Mr. Electricity and I met online, exchanged several emails, then phone numbers and texts for a couple of weeks prior to our first meeting. What was meant to be a quick lunch date turned into us eating and talking for 4 1/2 hours, neither of us realizing how much time had passed until the waitress made it known. We immediately made plans to see each other again the following weekend. He planned an amazing date: dinner and drinks at a popular bar that recently opened and I’ve been dying to try (and had mentioned during our lunch conversation so, he was paying attention), de lux movie (meaning the seats are love seats rather than traditional movie seats and a waitress comes and serves you) followed by dancing in the parking lot, a conversation that lasted three hours and LOTS of kissing!

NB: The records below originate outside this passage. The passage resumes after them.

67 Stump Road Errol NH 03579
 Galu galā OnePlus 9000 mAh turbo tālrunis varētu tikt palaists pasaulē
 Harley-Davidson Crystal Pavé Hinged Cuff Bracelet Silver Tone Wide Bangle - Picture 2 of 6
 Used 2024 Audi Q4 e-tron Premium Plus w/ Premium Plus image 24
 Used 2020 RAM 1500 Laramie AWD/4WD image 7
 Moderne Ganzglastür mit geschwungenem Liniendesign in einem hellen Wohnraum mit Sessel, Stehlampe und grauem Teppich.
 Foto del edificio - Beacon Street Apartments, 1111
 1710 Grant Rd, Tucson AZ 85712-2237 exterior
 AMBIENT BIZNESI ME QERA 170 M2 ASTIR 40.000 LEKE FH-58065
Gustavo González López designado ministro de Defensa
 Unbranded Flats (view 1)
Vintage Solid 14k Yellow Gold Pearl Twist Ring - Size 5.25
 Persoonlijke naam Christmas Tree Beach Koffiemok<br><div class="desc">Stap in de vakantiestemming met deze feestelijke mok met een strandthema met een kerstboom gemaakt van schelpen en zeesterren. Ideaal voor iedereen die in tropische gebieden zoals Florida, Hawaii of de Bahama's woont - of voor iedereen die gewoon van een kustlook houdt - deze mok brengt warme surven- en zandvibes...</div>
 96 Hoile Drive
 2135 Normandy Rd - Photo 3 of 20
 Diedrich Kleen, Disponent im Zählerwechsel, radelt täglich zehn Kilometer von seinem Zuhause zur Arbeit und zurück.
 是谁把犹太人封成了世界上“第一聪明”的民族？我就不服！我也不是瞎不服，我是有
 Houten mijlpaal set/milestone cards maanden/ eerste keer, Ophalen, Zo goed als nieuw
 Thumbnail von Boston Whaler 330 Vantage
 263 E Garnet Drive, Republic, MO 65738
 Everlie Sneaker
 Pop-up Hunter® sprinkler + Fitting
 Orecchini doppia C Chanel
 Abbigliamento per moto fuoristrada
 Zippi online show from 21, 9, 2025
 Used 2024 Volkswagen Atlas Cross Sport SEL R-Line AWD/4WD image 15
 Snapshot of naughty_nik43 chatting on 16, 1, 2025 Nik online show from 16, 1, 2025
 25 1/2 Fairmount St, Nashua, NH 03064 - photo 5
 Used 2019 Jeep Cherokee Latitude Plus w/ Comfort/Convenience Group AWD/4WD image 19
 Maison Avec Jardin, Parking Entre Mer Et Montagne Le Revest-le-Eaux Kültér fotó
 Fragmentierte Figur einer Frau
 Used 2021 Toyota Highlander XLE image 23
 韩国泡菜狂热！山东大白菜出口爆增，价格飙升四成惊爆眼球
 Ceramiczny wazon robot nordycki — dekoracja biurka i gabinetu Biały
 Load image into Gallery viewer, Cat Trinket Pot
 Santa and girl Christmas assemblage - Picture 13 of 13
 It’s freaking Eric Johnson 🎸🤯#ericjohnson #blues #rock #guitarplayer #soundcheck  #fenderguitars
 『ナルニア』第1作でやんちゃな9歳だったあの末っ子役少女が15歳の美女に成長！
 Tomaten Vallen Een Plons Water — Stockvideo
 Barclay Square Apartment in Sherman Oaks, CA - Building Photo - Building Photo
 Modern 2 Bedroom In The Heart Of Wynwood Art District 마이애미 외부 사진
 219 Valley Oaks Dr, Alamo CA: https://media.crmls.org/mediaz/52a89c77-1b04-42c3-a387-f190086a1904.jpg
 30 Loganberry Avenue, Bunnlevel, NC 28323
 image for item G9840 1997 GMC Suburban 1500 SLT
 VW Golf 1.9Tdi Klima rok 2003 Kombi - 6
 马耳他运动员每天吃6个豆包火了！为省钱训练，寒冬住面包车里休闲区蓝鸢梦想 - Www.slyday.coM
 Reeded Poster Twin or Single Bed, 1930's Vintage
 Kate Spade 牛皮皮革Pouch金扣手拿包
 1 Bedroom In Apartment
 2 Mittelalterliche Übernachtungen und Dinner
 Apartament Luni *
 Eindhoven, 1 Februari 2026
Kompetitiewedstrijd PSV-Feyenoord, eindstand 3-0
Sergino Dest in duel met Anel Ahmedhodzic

All week, through text, we talked about how unreal it is that we can so easily talk about anything and everything for hours on end with never an awkward moment of silence, and seem to lose all track of time. “We’re in a world of our own. Maybe because we’re so engrossed that we don’t care what’s going on around us.” is Mr. Electricity’s take on it. We’ve talked about everything from religion, to politics, to past experiences and relationships, to current needs and wants, to future aspirations and every obscure, goofy, random thought that popped into our heads in between!
This past weekend we really put things to the test–we spent an entire weekend together AND I introduced him to my best friend. Not only was he social and personable enough to adapt to any situation I threw him in over the weekend, but we didn’t once get on each other’s nerves. I can be a little (OK extremely) anal about other people being in my space, but not once did we have an issue the entire weekend.
Another BIG step–he mentioned the “R” word several times…you know the one: relationship, and it didn’t spook me at all. Even with Mr. G-spot I would have said “Peace! I’m OUT!” if he had uttered that word in my presence. Hell, the fact that Mr G-spot told his mother about me made me break out in cold sweats! But something about Mr. Electricity is different. Maybe because he’s the one slowing me down, being a little old-fashioned and insisting we get to know each other personally, mentally, before we know each other sexually. That’s unique and, at first, I was taken aback and not sure how I felt about that since I consider sex to be a very important part of a relationship. Sexual chemistry, or lack of it, can make or break a relationship. The fact of the matter is, I’m finally in a place since my divorce where I want everything Mr. Electricity is offering up to me on a silver platter. I want a relationship.
Opportunity has knocked and I’ve opened the door…just enough to take a peek at what’s on the other side.